ENVER HADZIJAJ & HARM VAN DEN DORPEL

Enver Hadzijaj is an art director and artist who likes to combine two or more disciplines into one activity. He redesigned the identity of Kunstverein München and is responsible for the art direction for the art venue Kindl and galleries like Weiss Berlin. He was the art director of magazines like Numero Homme and Fräulein and acts as a designer for the self-care magazine Torchlight. And watch out for Exlibris 🙂 He had a former life as an illustrator for clients like Die Zeit, NZZ and Dummy. He runs the art space Beach Office with a friend and the items label Lonelydays Qed. He showed his own work at the off-space Fragile. He also teaches, e.g. at Bauhaus Weimar, University of the Arts Bremen, and Zurich University of the Arts.
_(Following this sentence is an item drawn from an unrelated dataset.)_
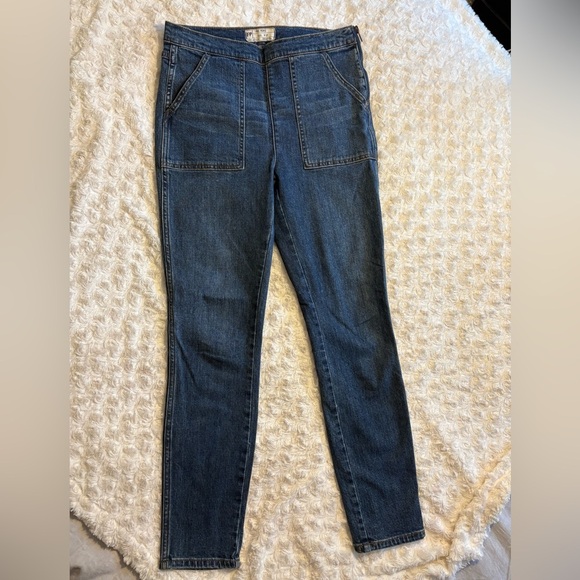 Free People Denim - Free People High Rise Medium Wash Side Zip Denim Jeans Size 27 Boho Vtg Look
And he has one or two stories to tell.

Harm van den Dorpel’s practice focuses on emergent systems and the role technology plays in their development and meaning. Engaging with diverse materials and forms, including works on paper, sculpture, computer-generated graphics, and software, van den Dorpel’s works are continuously evolving, informed by feedback loops and the design of algorithmic systems. Working within and beyond the lineage of ‘net art’, a core aspect of van den Dorpel’s practice is software development that addresses specific approaches to artificial intelligence. With immense skill and craftsmanship, he builds advanced systems that draw on intuition and subliminal processes of the mind in order to continually output unexpected and curious aesthetic forms that embody a feeling of subconscious computation.

PHANTOM CRUSH

  • 2023

  • Phantom Crush is a collection of 444 generative portraits based on pastel drawings on paper by artist Enver Hadzijaj, programmed by Harm van den Dorpel.

Phantom Crush is a collaboration between Enver Hadzijaj & Harm van den Dorpel, combining hand drawing and generative technology. They merge classical illustration, blockchain, engineering, and post-humanities to expand possibilities of portrait. Enver’s characters were drawn and digitally decomposed, and with Harm’s algorithm, various details were layered randomly to create unique head shapes, eye shapes, hairstyles, mouths, and accessories. The algorithm ensures that no two are alike, creating rare variances.